Sardegna

Ampliamento fabbrica bombe, sit-in antimilitaristi a Cagliari

Processo per presunti abusi edilizi. "Basta pane avvelenato"

Redazione Ansa

(ANSA) - CAGLIARI, 11 DIC - "Basta pane avvelenato". È lo striscione più grande sistemato da ambientalisti e antimilitaristi questa mattina davanti al palazzo di giustizia di Cagliari in occasione dell'udienza relativa al processo che riguarda l'ampliamento della fabbrica di bombe Rwm, l'azienda con stabilimento a Domusnovas controllata dalla tedesca Rheinmetall.
    Lo scorso ottobre, nella sua requisitoria la pm Rossella Spano, nel processo per presunti abusi edilizi legati all'ampliamento, aveva chiesto nove condanne a pene comprese tra sette mesi e un anno e 10 mesi di reclusione.

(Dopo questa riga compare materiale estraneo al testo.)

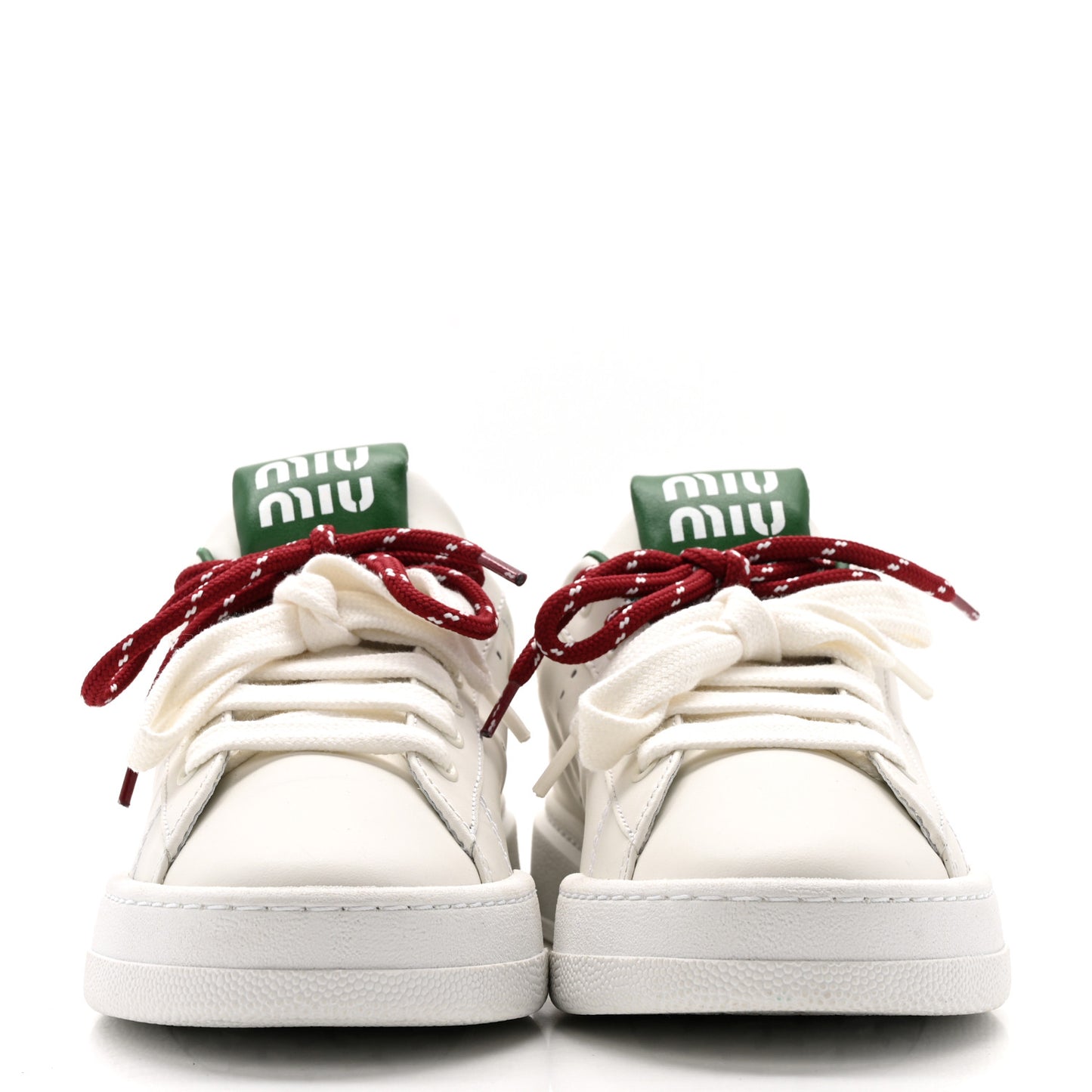 Calfskin Womens Low Top Sneakers 39 White Green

Sul banco degli imputati ci sono l'amministratore delegato della Rwm, Fabio Sgarzi, il vice Leonardo Demarchi, i tre tecnici incaricati dall'azienda di redigere i progetti di espansione, Palmiro Palmas, Ignazio Pibia e Mauro Pompei, e i funzionari comunali che avevano rilasciato le autorizzazioni per l'ampliamento: il responsabile dello Sportello unico per le attività produttive e per l'edilizia (Suape) di Iglesias e Domusnovas, Lamberto Tomasi, così come i tecnici Elsa Ghiani, Anna Rita Perseu e Giuseppe Matzei.

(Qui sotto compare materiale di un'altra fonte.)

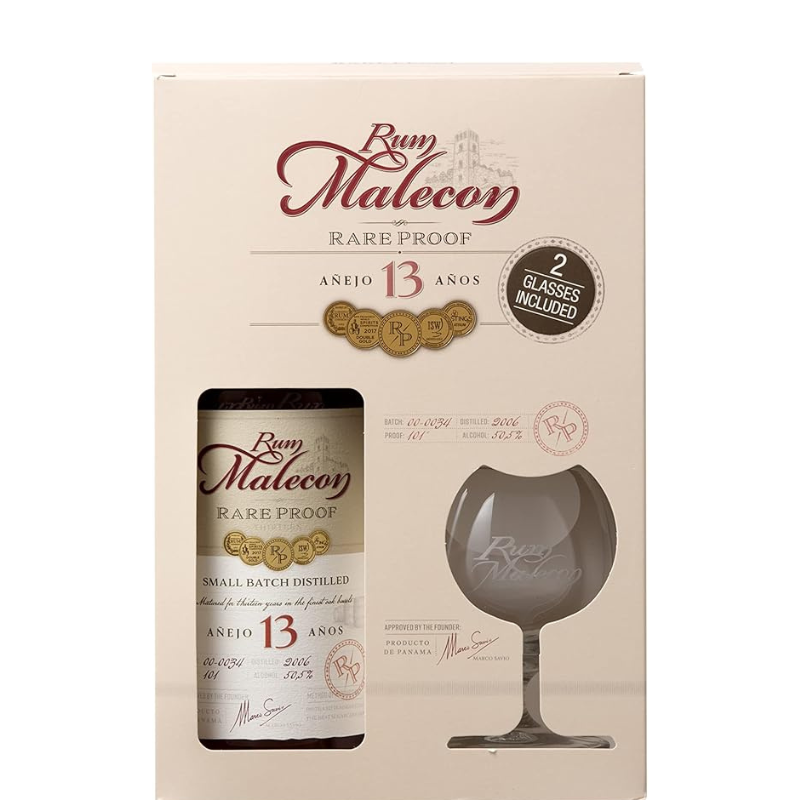 MALECON 13 Años RARE PROOF 2006 + 2 Copas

    Ora l'udienza è stata aggiornata al 21 dicembre.
    Si sono costituite parte civile nel procedimento la Confederazione Sindacale Sarda, l'Unione Sindacale di Base, Cobas Cagliari, Sardegna Pulita, Italia Nostra Sardegna, Centro Sperimentazione Auto sviluppo Domus Amigas, Assotziu Consumadoris Sardigna, Cagliari Social Forum, Movimento Non Violento Sardegna, Comitato Riconversione RWM per la pace ed il lavoro sostenibile. "Noi - hanno detto i rappresentanti delle associazioni in lotta - ci saremo".

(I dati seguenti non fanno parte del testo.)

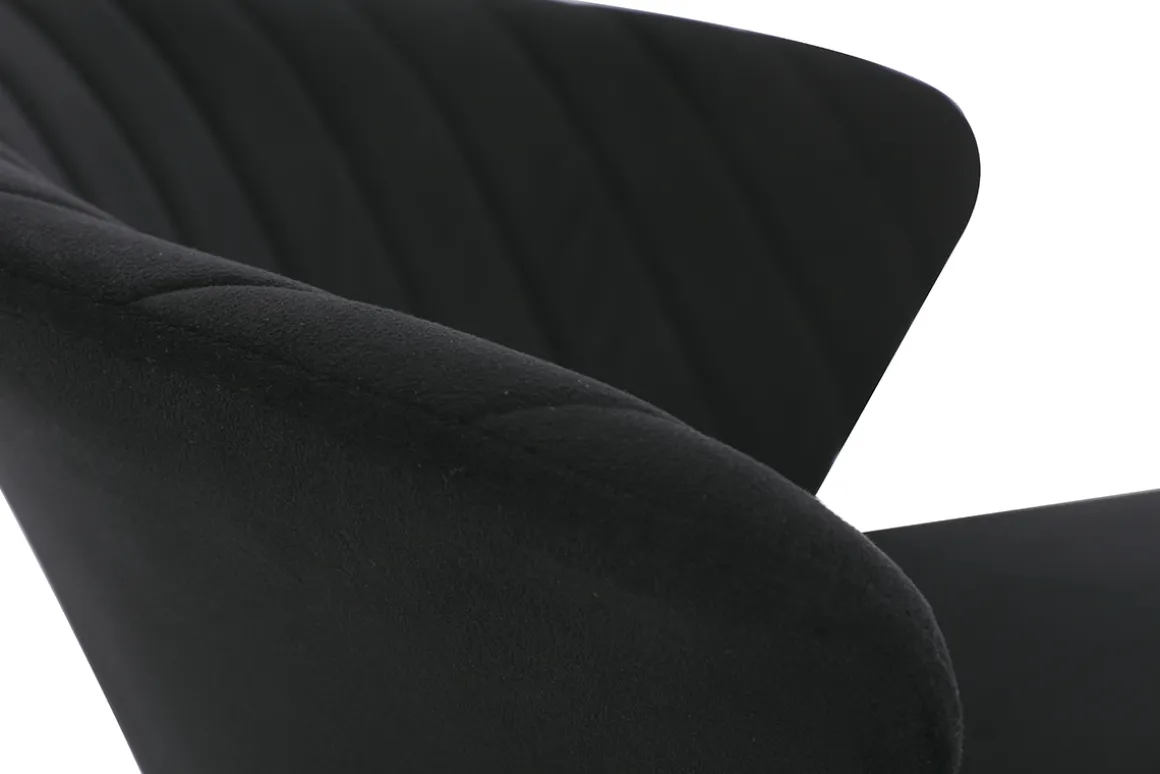 Miliboo Tabouret De Bar-Tabouret de bar design velours noir H78 cm DALLY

    Un sit-in con lo sguardo rivolto in Palestina: "È in corso il feroce bombardamento e attacco di terra della Striscia di Gaza da parte di Israele, che causa tremende atrocità - spiegano Comitato No Rwm, Comitato sardo di Solidarietà con la Palestina e Cagliari SocialForum -. Non piangiamo più finte lacrime su di un bimbo morto quando consentiamo che da noi, nella nostra terra, si producano ancora queste armi letali. Partono da qui i cargo con bombe e proiettili diretti verso varie zone di guerra". (ANSA).